Tunggak SPP, Kakak Beradik Diusir Kepala Sekolah Hingga Tidak Ujian

SWARAJAMBI.ID, JAMBI – Pengalaman tidak mengenakkan dialami dua kakak beradik, Devi Okta (18) dan Riski Damayanti (14).  Keduanya tercatat sebagai pelajar dan  bersekolah di Yayasan Al Madrasatul Mahdaliyah di Jalan Sunan Kalijaga, tepatnya di depan MM Sentosa Arizona.

Keduanya dikabarkan diusir dari tempat mereka bersekolah saat akan mengikuti ujian sekolah, Kamis (2/12) lalu. Alasannya, kedua pelajar tersebut belum melunasi Sumbangan Pembinaan Pendidikan (SPP) sekolah sejak Agustus lalu.

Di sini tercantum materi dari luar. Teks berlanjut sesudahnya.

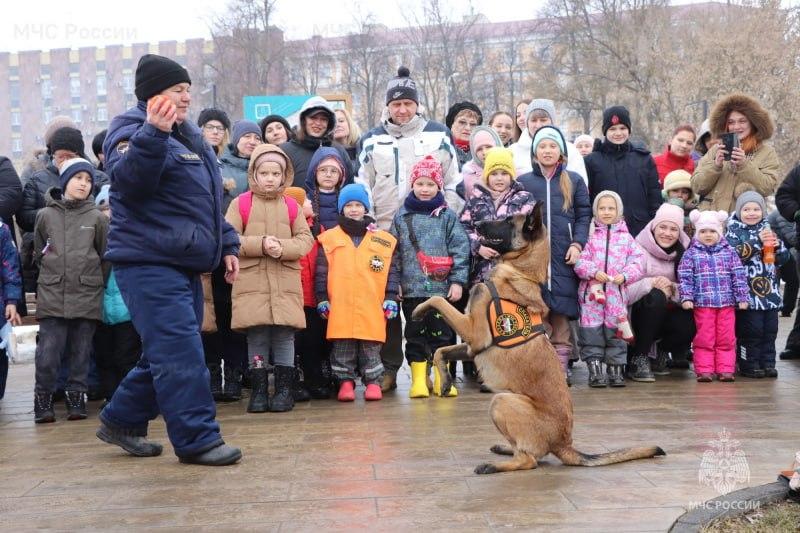 В орловском Детском парке прошла спортивно-массовая акция от МЧС &quot;Моя Родина – Россия&quot;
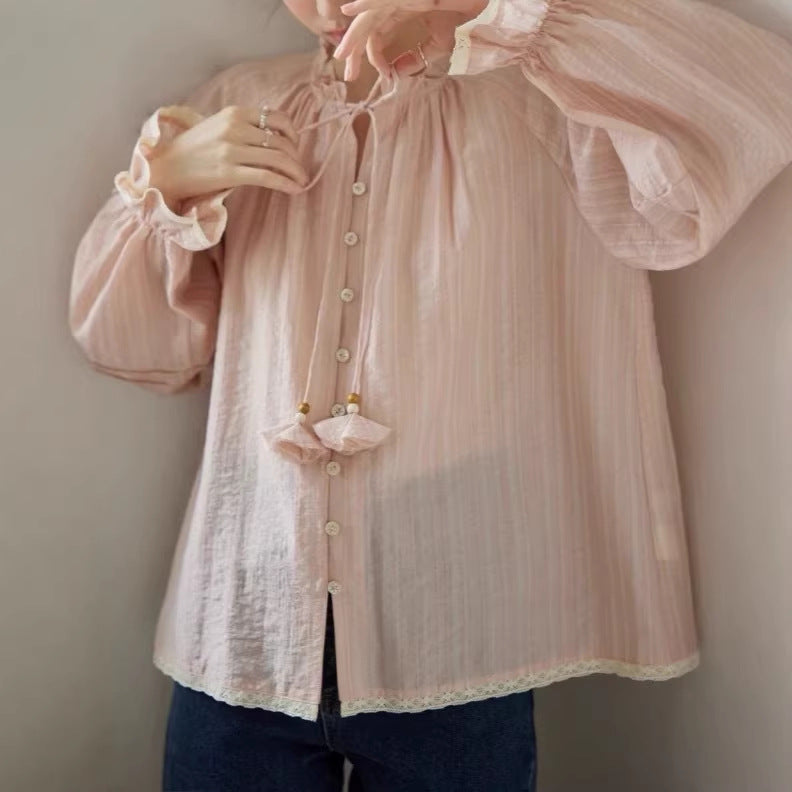 Blusa rosa con cuello de volantes y lazada trasera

Mirisnya, hal itu diakui Devi Okta keluar langsung dari mulut kepala sekolah, berinisial TY. Saat itu, ia dan sang adik datang ke sekolah untuk ikut ujian sekolah.

Tak lama setelah masuk ke dalam kelas, seorang guru yang biasa disapa miss Putri, menghampiri Devi agar ia dan adiknya dapat menemui guru lain. Perihal uang SPP yang belum terbayarkan. Setelah bertemu, Devi rencana akan membuat surat perjanjian untuk membayar uang SPP tersebut.

Hanya saja, ketika akan masuk ke kelas kembali, tiba-tiba kepala sekolah berinisial TY berkata padanya, bahwa Devi dan sang adik tidak boleh ikut ujian jika belum lunas atau membayarnya separuh.

“Ibu (kepala sekolah,red) ngomong kayak itu di depan banyak orang (teman-temannya,red) di depan kelas. Tapi baru mau buat surat perjanjian, sudah dibilang gitu sama kepala sekolah (TY,red),” jelas Devi, saat dijumpai di rumahnya di RT 05, Kelurahan Simpang III Sipin, Kecamatan Kotabaru, kemarin (8/12/2021).

Sontak saja, hal itu membuat Devi dan sang adik tak nyaman dan memilih pulang ke rumah menceritakan hal itu ke orang tuanya. Hingga kemarin, Devi dan sang adik tak kunjung ke sekolah. Padahal, Devi segera akan menamatkan sekolahnya.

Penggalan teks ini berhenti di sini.